La biomécanique du sprint final : comment la technologie analyse la foulée 🏇
Les systèmes d'analyse biomécanique ont enregistré que la foulée de Napoleon Solo s'est allongée de 4% dans les 400 derniers mètres, tandis que sa fréquence cardiaque s'est stabilisée à 180 battements par minute. Cela contredit les données de ses deux courses précédentes, où la fatigue réduisait son amplitude de pas. Les capteurs inertiels montés sur les sabots et le harnais ont permis aux entraîneurs d'ajuster la stratégie de course en temps réel, privilégiant une accélération progressive plutôt qu'explosive. Le résultat a été un pic de vitesse soutenu que ses rivaux n'ont pas pu égaler.
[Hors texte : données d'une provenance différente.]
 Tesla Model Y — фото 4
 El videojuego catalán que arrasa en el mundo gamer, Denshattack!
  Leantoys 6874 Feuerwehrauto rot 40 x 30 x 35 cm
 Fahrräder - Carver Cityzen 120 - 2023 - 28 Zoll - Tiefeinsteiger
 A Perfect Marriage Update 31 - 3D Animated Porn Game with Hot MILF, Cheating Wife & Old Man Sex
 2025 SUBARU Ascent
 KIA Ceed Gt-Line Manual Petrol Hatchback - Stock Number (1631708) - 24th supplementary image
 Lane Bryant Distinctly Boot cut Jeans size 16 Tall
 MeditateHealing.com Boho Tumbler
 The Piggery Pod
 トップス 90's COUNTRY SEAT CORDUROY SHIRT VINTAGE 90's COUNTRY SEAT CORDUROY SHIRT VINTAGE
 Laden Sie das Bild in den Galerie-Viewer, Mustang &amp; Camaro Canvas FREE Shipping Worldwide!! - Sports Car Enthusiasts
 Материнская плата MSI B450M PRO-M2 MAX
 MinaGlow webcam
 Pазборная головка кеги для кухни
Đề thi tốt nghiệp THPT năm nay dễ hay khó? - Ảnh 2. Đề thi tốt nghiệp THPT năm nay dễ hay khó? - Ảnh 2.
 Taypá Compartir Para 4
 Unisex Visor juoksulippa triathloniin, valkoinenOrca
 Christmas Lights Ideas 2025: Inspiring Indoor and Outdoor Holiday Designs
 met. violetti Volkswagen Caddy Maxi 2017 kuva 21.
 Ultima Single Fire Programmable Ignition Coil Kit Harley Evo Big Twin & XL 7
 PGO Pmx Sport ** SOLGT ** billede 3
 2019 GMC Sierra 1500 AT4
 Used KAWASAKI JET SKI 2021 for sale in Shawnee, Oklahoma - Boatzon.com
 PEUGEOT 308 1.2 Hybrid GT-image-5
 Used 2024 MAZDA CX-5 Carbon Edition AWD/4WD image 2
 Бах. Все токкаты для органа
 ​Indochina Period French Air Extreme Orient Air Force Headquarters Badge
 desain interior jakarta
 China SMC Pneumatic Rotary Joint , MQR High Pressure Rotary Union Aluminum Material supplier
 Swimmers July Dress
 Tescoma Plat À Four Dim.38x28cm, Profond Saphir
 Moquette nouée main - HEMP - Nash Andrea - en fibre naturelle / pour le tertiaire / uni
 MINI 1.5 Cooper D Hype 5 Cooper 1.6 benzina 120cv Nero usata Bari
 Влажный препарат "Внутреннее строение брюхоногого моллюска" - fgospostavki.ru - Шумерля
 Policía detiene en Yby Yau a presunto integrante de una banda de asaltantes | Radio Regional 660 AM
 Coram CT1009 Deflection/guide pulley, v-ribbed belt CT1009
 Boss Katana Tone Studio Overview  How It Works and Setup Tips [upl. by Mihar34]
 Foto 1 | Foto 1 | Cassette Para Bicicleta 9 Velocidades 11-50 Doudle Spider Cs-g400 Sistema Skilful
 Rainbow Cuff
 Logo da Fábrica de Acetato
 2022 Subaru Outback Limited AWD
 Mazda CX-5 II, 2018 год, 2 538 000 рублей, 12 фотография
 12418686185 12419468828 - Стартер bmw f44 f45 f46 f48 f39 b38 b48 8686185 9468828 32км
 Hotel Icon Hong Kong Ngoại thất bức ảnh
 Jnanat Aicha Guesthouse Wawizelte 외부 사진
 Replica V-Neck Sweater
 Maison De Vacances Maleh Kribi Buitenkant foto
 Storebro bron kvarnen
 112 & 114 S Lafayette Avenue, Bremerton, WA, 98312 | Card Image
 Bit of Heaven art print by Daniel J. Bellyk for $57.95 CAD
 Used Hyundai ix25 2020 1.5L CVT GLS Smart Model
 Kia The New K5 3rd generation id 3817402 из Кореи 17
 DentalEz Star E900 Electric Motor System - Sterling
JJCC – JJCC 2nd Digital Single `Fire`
Deux cinquièmes places puis tu gagnes : la logique du cheval 🤔
Napoleon Solo est arrivé aux Preakness comme un étudiant qui rate deux examens puis obtient une mention très bien. Les critiques cherchaient déjà un plan B pour le cheval, peut-être une carrière au cirque ou une retraite au pré. Mais l'animal a décidé que son moment de lucidité arriverait juste au moment où les paris étaient contre lui. Maintenant, les propriétaires vérifient si le problème était le jockey ou si le cheval ne se lève tout simplement pas bien le jour des courses.